1 Samuël 28:1

En het geschiedde in die dagen, als de Filistijnen hun legers vergaderden tot den strijd, om tegen Israel te strijden, zo zeide Achis tot David: Gij zult zekerlijk weten, dat gij met mij in het leger zult uittrekken, gij en uw mannen.

Richteren 3:1-4

Dit nu zijn de heidenen, die de HEERE liet blijven, om door hen Israel te verzoeken, allen, die niet wisten van al de krijgen van Kanaan;

1 Samuël 7:7

Toen de Filistijnen hoorden, dat de kinderen Israels zich vergaderd hadden te Mizpa, zo kwamen de oversten der Filistijnen op tegen Israel.

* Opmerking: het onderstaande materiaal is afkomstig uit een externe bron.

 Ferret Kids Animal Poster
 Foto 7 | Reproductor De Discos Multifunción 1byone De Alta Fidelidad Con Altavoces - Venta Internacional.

Als de kinderen Israels dat hoorden, zo vreesden zij voor het aangezicht der Filistijnen.

1 Samuël 13:5

En de Filistijnen werden verzameld om te strijden tegen Israel, dertig duizend wagens, en zes duizend ruiters, en volk in menigte als het zand, dat aan den oever der zee is; en zij togen op, en legerden zich te Michmas, tegen het oosten van Beth-Aven.

1 Samuël 17:1

En de Filistijnen verzamelden hun heir ten strijde, en verzamelden zich te Socho, dat in Juda is; en zij legerden zich tussen Socho en tussen Azeka, aan het einde van Dammim.

1 Samuël 27:12

En Achis geloofde David, zeggende: Hij heeft zich ten enenmaal stinkende gemaakt bij zijn volk, in Israel; daarom zal hij eeuwiglijk mij tot een knecht zijn.

1 Samuël 29:1-3

De Filistijnen nu hadden al hun legers vergaderd te Afek; en de Israelieten legerden zich bij de fontein, die bij Jizreel is.